A couple say they might be forced to consider selling up and renting over their soaring monthly mortgage repayments. Mark Pepperell said he was expecting to pay in the region of £150 a month extra as he searched around for a new deal.
But as interest rates climb towards six per cent, he's now been hit by a £250 per month increase. "It's a hard pill to swallow," he said. "We're comfortable, putting money back into restaurants or retail.
"But those things are going to have to stop. We will now have to take serious decisions on where our money goes." Mr Pepperell added that in two years, if rates stand at six or seven per cent, they may even have to consider selling up and renting instead.
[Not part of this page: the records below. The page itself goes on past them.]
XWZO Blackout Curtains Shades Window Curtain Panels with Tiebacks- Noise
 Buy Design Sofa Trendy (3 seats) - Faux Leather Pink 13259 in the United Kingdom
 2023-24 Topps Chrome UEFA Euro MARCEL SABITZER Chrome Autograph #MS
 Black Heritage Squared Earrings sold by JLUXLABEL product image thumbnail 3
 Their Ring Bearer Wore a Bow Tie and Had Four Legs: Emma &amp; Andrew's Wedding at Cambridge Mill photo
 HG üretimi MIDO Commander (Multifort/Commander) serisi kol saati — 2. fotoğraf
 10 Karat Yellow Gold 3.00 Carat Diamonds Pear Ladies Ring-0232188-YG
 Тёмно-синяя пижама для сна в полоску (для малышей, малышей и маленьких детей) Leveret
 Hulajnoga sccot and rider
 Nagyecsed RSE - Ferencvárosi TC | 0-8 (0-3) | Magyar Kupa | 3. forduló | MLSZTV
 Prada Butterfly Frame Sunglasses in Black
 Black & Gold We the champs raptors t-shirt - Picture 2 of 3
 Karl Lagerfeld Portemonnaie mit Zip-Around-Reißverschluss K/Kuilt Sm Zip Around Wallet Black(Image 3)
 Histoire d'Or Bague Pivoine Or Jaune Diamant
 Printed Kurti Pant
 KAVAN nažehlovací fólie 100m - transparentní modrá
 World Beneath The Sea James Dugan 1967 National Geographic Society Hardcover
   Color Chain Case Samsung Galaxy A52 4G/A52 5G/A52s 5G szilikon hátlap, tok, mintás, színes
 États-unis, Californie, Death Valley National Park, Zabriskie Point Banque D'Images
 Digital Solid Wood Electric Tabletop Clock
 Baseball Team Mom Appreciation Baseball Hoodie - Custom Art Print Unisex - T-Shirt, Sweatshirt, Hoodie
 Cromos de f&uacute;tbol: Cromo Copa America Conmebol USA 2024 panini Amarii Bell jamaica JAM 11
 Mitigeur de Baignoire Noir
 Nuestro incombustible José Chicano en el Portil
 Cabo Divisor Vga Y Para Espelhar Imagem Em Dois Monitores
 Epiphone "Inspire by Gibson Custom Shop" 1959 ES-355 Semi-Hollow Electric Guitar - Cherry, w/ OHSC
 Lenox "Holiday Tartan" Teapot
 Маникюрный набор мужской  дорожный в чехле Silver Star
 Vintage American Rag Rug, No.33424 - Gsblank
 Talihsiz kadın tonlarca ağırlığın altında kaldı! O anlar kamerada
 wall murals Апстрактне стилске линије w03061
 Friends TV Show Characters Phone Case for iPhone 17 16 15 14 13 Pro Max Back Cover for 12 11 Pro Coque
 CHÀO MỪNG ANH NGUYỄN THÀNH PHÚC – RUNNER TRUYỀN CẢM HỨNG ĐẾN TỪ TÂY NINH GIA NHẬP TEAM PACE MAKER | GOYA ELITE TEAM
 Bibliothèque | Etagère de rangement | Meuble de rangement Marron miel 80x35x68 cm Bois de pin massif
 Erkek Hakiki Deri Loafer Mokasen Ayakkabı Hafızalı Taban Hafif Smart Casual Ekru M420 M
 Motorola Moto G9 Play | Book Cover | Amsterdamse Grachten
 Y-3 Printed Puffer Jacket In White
He spoke out as a Tory former secretary to the Treasury said the Government has caused a 'crisis' - but 'the pain is still to come'. David Gauke told the BBC: "Now we have what can only be described as a crisis, and it is directly as a consequence of decisions made by the Conservative Government.
"The pain is still to come, in truth. The pain of higher interest rates, of tougher decisions on public spending is yet to be felt," added the 50-year-old, who was the MP for South West Hertfordshire from 2005 to 2019.
With some analysts predicting the Bank of England's base rate, currently standing at 2.25 per cent, will have to rise to as high as 6 per cent next year, some lenders began withdrawing mortgage products amid the uncertainty.
Major mortgage lenders Santander and HSBC, along with the Nationwide and Yorkshire building societies, joined a rush of lenders to pull home loans or up their rates, reports The Mirror.
The situation was triggered by Chancellor, Kwasi Kwarteng, on Friday when he unveiled a massive £45 billion of tax cuts funded by Government borrowing.
Huw Pill, the Bank of England's chief economist, said: "We don’t know what the future holds. Not for the next few weeks, not for the next few days – or even perhaps not for the next few hours.”
The Bank of England should consider holding an emergency meeting and look to act 'promptly and forcefully' on interest rates to head off the threat of a further run on the pound, its former deputy governor has warned.
With his fixed-rate mortgage deal ending this month, Birmingham resident Mr Pepperell knew he would have to pay more but delayed a decision so he could shop around for the best deal.
He was expecting to pay £150 more a month but said every time he spoke to his mortgage adviser, he found fewer deals were available. He has now locked in a new deal for two years at £250 more per month than he and partner, Deanna, were previously paying.
Mr Pepperall works for a sports brand and Deanna is in retail.
Meanwhile, sales assistant Robin Price, 38, has spent years saving for a mortgage deposit and, thanks to that pot and an inheritance, is now ready to buy. But with the threat of a sharp rise in interest rates looming, he said he now feels completely lost.
He fears the monthly mortgage repayments will become unaffordable.
Robin, on the minimum wage, said: "I just want a home. I can't find anywhere that I can afford a mortgage on in London or Essex because I don't earn enough."